È intimamente fruttato al naso e sciabordante di sapidità il raro e autoctono PANZALE 2023 vinificato acciaio, eccellente compagno in tavola per pesce e carni bianche. Aperitivo con un cannonau servito alla temperatura di un vino bianco? Lo scolorito NOSTRANU 2022 sempre in acciaio, nonostante i suoi 14° in alcol, è pensato proprio per questo, ed è stupefacente per facilità di beva e piacevolezza.

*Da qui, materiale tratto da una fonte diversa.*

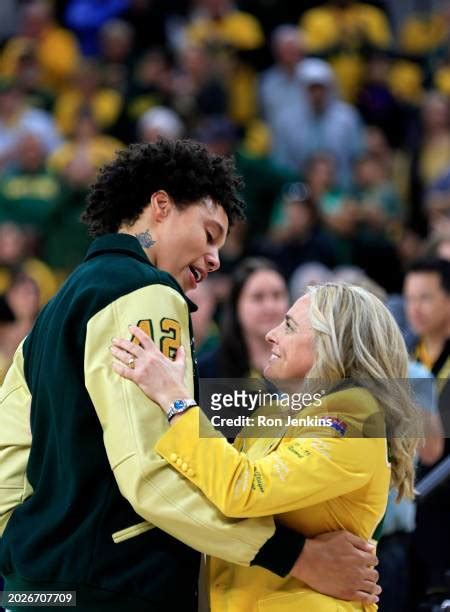 Coach Nicki Collen Photos And Premium High Res Pictures Getty Images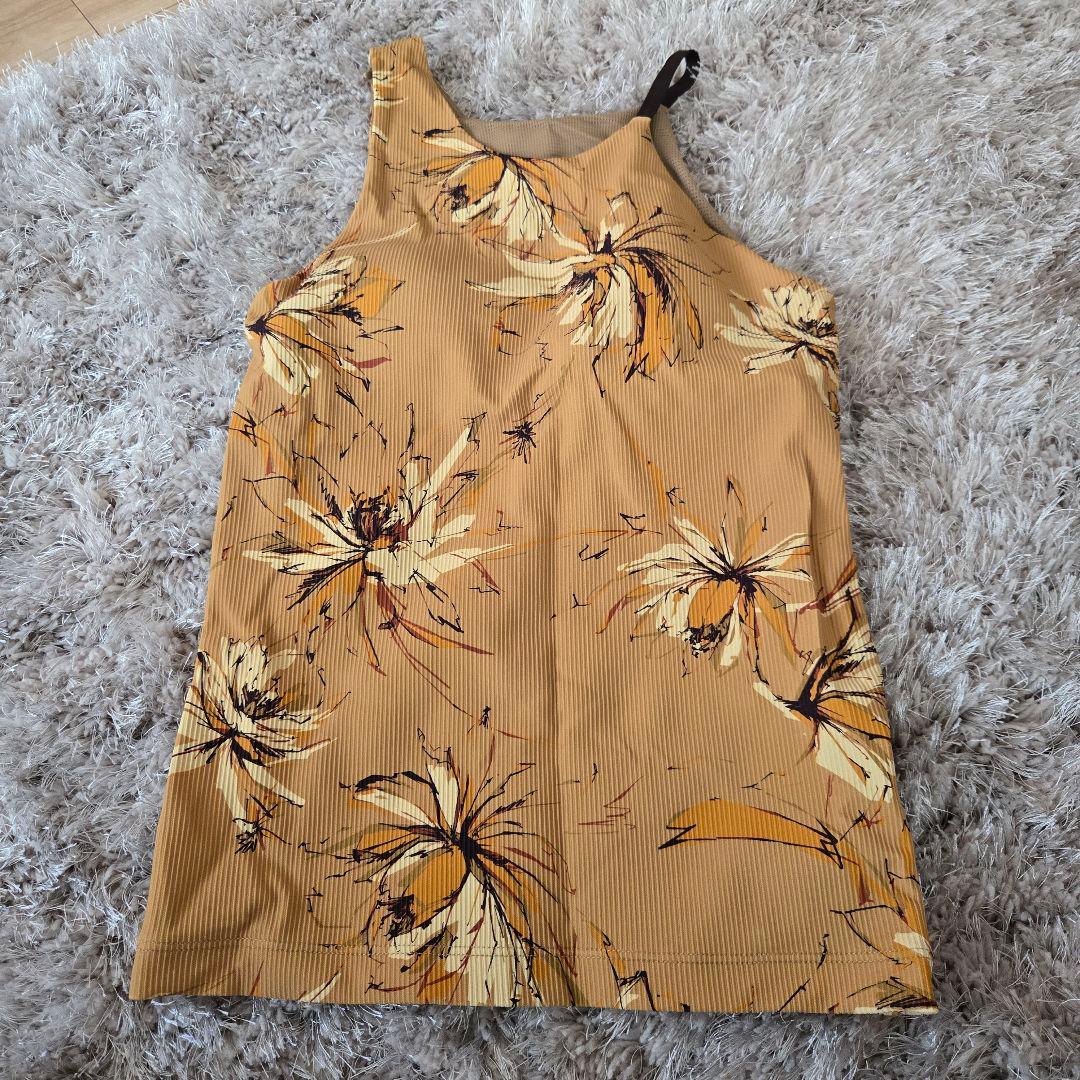 新品タグ付き　袋あり　【SUKALA】リブBigフラワープリントタンクトップ　S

Per palati più borgognoni è interessante il TURCALESCIU 2021: il riferimento è Turcoli, nome di Dorgali in epoca romana; al naso si ritrovano note più mentolate e di ginepro, mentre al palato esprime una giocosa rotondità e una morbidezza da piena maturità dell’uva cannonau affinata per 6 mesi in nuove botti di rovere. È con il MONTE TUNDU 2020 che il Cannonau delle vigne di Oddoene comincia a mettere a terra i propri cavalli, ma è ancora una potenza volutamente in pieno controllo: i quasi due anni di affinamento in esauste botti di rovere donano al vino un’ingannevolmente timida trasparenza carminio che anticipa un potente bouquet speziato, con sfondo smaltato di cipria, noce, sandalo ed incenso. Ma è con il BAILLANU 2021 che si incontra l’animo indomito del sardo cannonau: sull’etichetta dallo sfondo nero, come l’alieno basalto a 500 mt slm su cui sono allevate queste vigne di 35-40 anni, capeggia un bianco danzatore, tirato verso casa da una corda cinta alla vita dalla propria donna e una al piede, a rappresentare la scusa di fermarsi nelle cantine, come era usanza di fine giornata tra gli abitanti locali. Potente e meno preciso al naso dei precedenti, richiama l’espressione più primigenia del “vino fatto per la casa” che, in quella terra vulcanica, oltre alla frutta rossa ed alle spezie dolci, offre continui richiami alla cenere, alla polvere di carbone e a note balsamiche e di rosmarino. Scorre a briglia sciolta imprimendo un’impronta fruttata su un palato lungamente rugoso e salato. Straordinario in abbinamento alle cordeddas di agnello! Completano la serie degli assaggi DON BADDORE e ISTRANZU: il primo è un blend con 50% di cannonau e 50% di syrah, mentre il secondo è da syrah in purezza. Ho respirato veramente orgoglio dorgalese, quiete e bellezza tra i vigneti della Valle di Oddoene, a cui ho portato anche la pioggia dopo ben 62 giorni di siccità! Sono sicuro che mi riserveranno benevolenza e piacere ogni volta che tonerò a trovarli. Prosit.